Many people travel to see all the famous sites, and that's perfectly fine, but when you're on a RTW trip, sight-seeing gets old after a while, so exploring lesser known areas and experiencing the culture of a place becomes the priority rather than ticking sites off a list. Here's some ideas of ways to explore LA without being constantly caught up in throngs of other people.
  • Check out the St. Elmo Village, a unique, free museum where people are encouraged to share in the creative process. They offer art workshops and festivals throughout the year at this urban folk art center.
  • If you want to see ocean wild life but don't want to mess with the crowds and prices of Sea World south in San Diego, you may want to check out the Marine Mammal Care Centef. You can view sick or injured seals and sea lions being rehabilitated before returning the ocean.
  • Wandering around different neighborhoods in new cities is a highlight for many indie travelers. It gives us an opportunity to see the diversity of a given city and really get a chance to interact with locals. Chinatown offers a little more than other Chinatowns around the US. It has really wide streets and an open air market reminiscent of cities in China.
  • There are plenty of hiking opportunities in and around LA, so if you want to get into the outdoors, consider these hikes:
    • Hike around the Hollywood sign for great views of the city.
    • Mishe Mokwa to Sandstone Peak and Tri-Peaks - this is the highest point in the Santa Monica mountains and offers great views of the Ocean and Santa Monica Bay.
    • Check out this beautiful river canyon, the Santa Anita Canyon, and explore a few waterfalls along the way.
    • If you want to head outside of LA a bit, then check out the High San Gabriels or Joshua Tree National Park.
  • If you're looking to eat great food but not pay an arm and a leg, then hit up one of the many street carts in LA. One of the birthplaces of street food in the US, taco trucks are the most popular, but you can find pretty much any cuisine you desire.

Transportation

If you are coming from more than 1,000 or so miles away you'll likely book a flight into Los Angeles International Airport (LAX), but there are many smaller regional airports in the area so you might be able to get a deal into one of those.
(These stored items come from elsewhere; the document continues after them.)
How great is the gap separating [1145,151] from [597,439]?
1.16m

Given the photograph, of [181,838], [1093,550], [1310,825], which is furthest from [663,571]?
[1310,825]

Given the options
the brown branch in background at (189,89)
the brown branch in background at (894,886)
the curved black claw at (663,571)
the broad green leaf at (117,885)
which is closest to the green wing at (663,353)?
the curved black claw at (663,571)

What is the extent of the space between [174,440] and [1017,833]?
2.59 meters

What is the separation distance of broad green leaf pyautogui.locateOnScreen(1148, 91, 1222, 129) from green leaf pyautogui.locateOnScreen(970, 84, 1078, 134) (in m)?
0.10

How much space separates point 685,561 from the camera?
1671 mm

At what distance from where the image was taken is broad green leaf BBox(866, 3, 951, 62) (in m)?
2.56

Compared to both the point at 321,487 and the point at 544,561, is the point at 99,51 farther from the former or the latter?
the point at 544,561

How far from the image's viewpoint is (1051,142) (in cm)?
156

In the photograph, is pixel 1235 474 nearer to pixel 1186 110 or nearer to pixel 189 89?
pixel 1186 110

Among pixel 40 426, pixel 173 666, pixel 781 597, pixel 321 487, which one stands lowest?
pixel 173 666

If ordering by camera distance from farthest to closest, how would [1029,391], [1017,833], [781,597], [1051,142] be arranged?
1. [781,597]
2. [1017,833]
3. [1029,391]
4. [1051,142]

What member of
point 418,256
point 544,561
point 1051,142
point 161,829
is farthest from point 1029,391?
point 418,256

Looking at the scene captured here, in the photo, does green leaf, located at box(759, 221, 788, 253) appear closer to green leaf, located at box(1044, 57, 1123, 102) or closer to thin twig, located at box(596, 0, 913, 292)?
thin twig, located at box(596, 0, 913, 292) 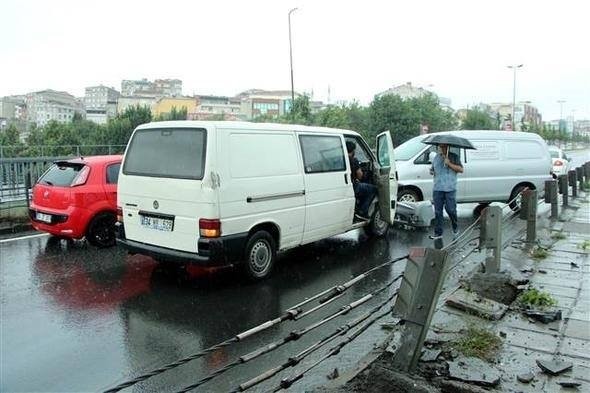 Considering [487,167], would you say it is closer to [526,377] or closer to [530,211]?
[530,211]

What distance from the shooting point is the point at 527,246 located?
8602 millimetres

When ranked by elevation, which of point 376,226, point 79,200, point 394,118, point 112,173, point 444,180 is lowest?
point 376,226

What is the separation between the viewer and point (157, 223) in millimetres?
6172

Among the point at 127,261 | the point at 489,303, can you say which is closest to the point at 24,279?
the point at 127,261

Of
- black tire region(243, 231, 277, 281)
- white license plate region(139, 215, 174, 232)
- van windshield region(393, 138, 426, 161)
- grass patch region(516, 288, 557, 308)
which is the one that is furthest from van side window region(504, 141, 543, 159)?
white license plate region(139, 215, 174, 232)

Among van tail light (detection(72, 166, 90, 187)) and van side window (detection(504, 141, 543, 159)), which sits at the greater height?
van side window (detection(504, 141, 543, 159))

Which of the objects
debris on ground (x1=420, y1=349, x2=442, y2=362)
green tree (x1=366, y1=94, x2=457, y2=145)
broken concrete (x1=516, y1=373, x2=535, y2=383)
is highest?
green tree (x1=366, y1=94, x2=457, y2=145)

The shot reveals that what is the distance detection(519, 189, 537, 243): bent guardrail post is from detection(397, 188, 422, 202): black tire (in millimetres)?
3294

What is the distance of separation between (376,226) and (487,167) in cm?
471

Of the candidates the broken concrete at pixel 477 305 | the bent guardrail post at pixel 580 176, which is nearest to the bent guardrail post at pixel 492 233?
the broken concrete at pixel 477 305

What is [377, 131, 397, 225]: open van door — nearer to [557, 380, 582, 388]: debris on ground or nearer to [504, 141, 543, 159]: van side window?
[557, 380, 582, 388]: debris on ground

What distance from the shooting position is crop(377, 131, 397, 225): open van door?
8758mm

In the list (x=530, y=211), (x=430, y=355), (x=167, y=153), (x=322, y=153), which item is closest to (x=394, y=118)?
(x=530, y=211)

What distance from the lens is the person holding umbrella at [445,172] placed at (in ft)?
29.2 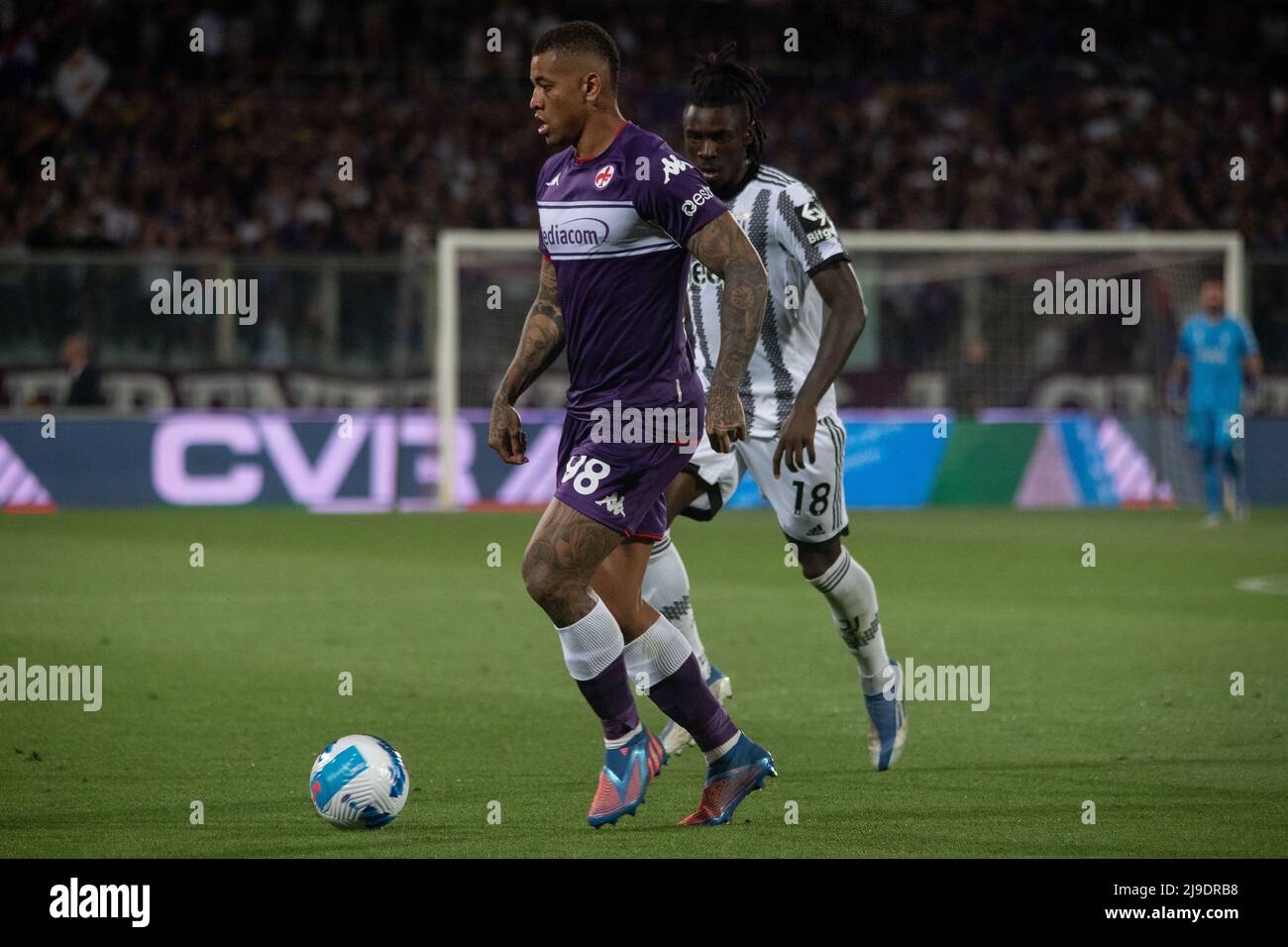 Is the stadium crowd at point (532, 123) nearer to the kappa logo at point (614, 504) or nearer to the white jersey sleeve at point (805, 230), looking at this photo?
the white jersey sleeve at point (805, 230)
If you intend to stay in Hollywood then Burbank (BUR) is the closest, but LAX is almost always the cheapest.

More than any other city on the planet, you'll want to rent a car when you visit Los Angeles. They tend to be reasonably priced, especially at the airports, and having a car is almost like having a key to the city. Public transportation has improved lately, but doing Los Angeles this way is slow, clumsy, and very limiting. And forget walking except within just a few small areas because the rumors about LA being spread out are very true.

Accommodation

But once you've arrived and secured a car you are in great shape. There are hostels in Los Angeles, but not as many as there should be. There are plenty of hotels to choose from in all price ranges.

The most popular places to stay are in Hollywood and in the beach areas south of there, particularly around Santa Monica. Hollywood is very central, but it can also be frustrating, and the best nightlife is still rather spread out through the nearby city of West Hollywood. Santa Monica and next-door Venice are better options if you want to spend much time outdoors and especially at the beach itself.

Downtown Los Angeles is on the upswing and there are a few things to see, but there still isn't much reason to stay there. For a pleasant place that's slightly off the main tourist routes consider staying in the beach communities just south of LAX known as the South Bay. Manhattan, Hermosa, and Redondo Beaches have the most pleasant lifestyle and setting in the area, and still have a good infrastructure for visitors. Disneyland is 40 miles away down in Orange County and there are loads of hotels nearby, but if you want to stay in that area a much better choice would be ritzy Newport Beach or surf-obsessed Huntington Beach.